The individual responsibilities are always communicated in a systematic and structured way via the communication channels organized to this end, allowing each staff member to exactly know what is expected of him/her. That way, the company wishes to structure the identified legal and regulatory framework with regard to the communication of risks related to the financial reporting process.
VPK Packaging Group NV’s Chief Legal Officer, also taking on the role of Investor Relations Manager, ensures compliance with legal external communication regulations and closely follows their amendments.
Board of directors and audit committee
The audit committee and the board of directors also take on a specific role within VPK Packaging Group NV with regard to the financial reporting process.
The audit committee ensures that the financial reporting presents a truthful, sincere and clear view of the situation and outlook of the company. At least once a year the audit committee will evaluate the internal control systems organized by the executive committee to check if the main risks have been efficiently identified, reported and managed.

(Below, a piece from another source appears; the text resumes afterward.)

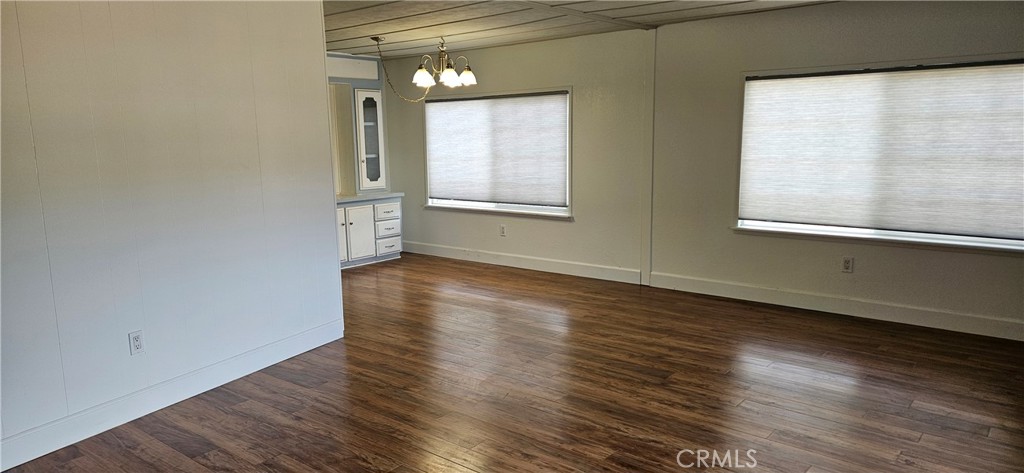 2920 Clark Road, Unit C12 Oroville, CA 95965 - Photo 5 of 17 a view of an empty room with wooden floor and a window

The effectiveness and independence of the internal audit department are also periodically evaluated by the audit committee. Possible amendments to the current valuation rules, defined in 1998, are always discussed by the audit committee before they are presented to the board of directors.

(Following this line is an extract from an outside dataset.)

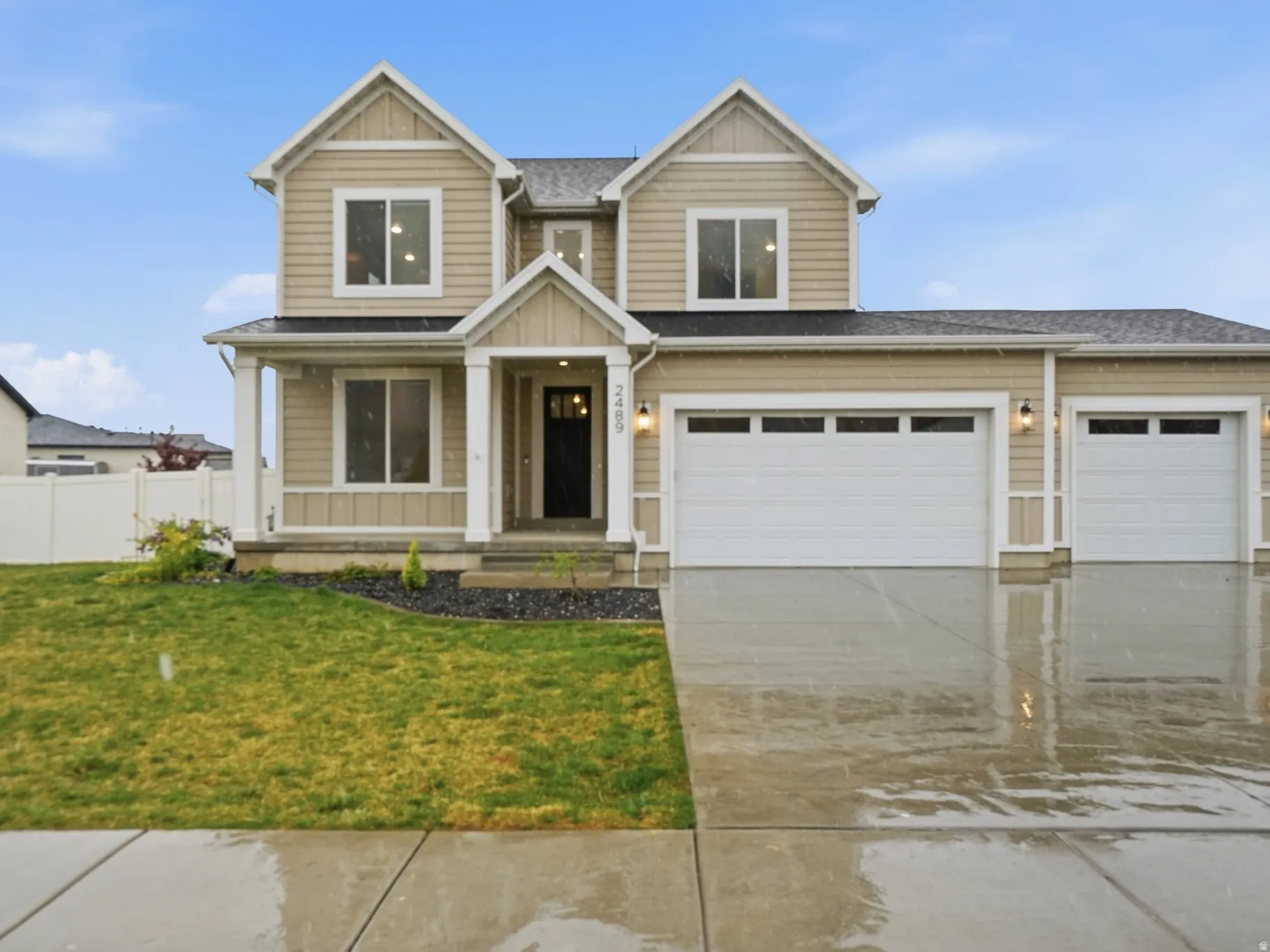 Craftsman inspired home with driveway, a porch, a garage, board and batten siding, and roof with shingles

Also in case certain financial overviews have to be published, they will first be discussed in the audit committee in order to ensure compliance with the defined accounting principles. Immediately after that, such financial statements and the related press release are discussed with regard to their content, and approved by the board of directors.
The board of directors pays a lot of attention to the net financial position of VPK Packaging Group NV and to the related consolidated cash flow statement. Whenever useful, an outlook with regard to the cash situation is presented.
Before information is finally made public, it is controlled internally as well as by the external auditor. It is the audit committee’s task to recommend on the selection, the nomination or discharge of the auditor, as well as on the degree of follow-up of the auditor’s recommendations by the executive committee.
INFORMATION & COMMUNICATION
Accounting and reporting systems
Following the rapid growth of VPK Packaging Group NV there was a growing need for a uniform accounting and reporting system. After a profound analysis of the specific needs of the company and the solutions offered, an ERP package was finally implemented to respond to the aforementioned needs. By choosing the SAP system the company has opted for the market leader in management software, with a sound experience in multinationals.
At the same time the management processes were closely monitored and, wherever needed, streamlined, simplified and made more efficient (‘Business Process Reengineering’). Within the framework of this project different procedures have been developed and implemented afterwards within the entire group.
Moreover, a uniform calculation method was developed, allowing an analytical approach and meaningful internal reporting. Thanks to these efforts the comparability (benchmarking) between similar units within the group is ensured.
As from 2002 the SAP system was adopted and rolled-out step by step in the entire group. In the meantime, the group has evolved towards a situation in which all units use the so-called FI-CO modules in SAP (accounting & controlling) in an optimal way. Furthermore the more operational SAP modules are used by many, though not yet by all, units.
ICT support
The servers supporting this ERP package are entirely centralized at VPK Packaging Group NV’s head office in Dendermonde (BE). Taken into account the centralization of the servers, the group is strongly dependent on continuity of service. Given its importance, electricity supply has been guaranteed, and a second data center has been created, sufficiently far from the first data center. Herein, essential software applications are mirrored. Physical access to the data center is protected by a fingerprint recognition system. Periodically a specialized audit is carried out to test the efficiency of these security measures. Despite the heavy related telecom costs, VPK Packaging Group NV is convinced that this is the best option to ensure a uniform, professional and permanent service. From this same point of view the ICT department, implementing the software as well as giving technical support to the local branches, has been systematically developed. This department currently employs 24 people, often assisted by external experts in the field, offering additional support for specific and specialized tasks.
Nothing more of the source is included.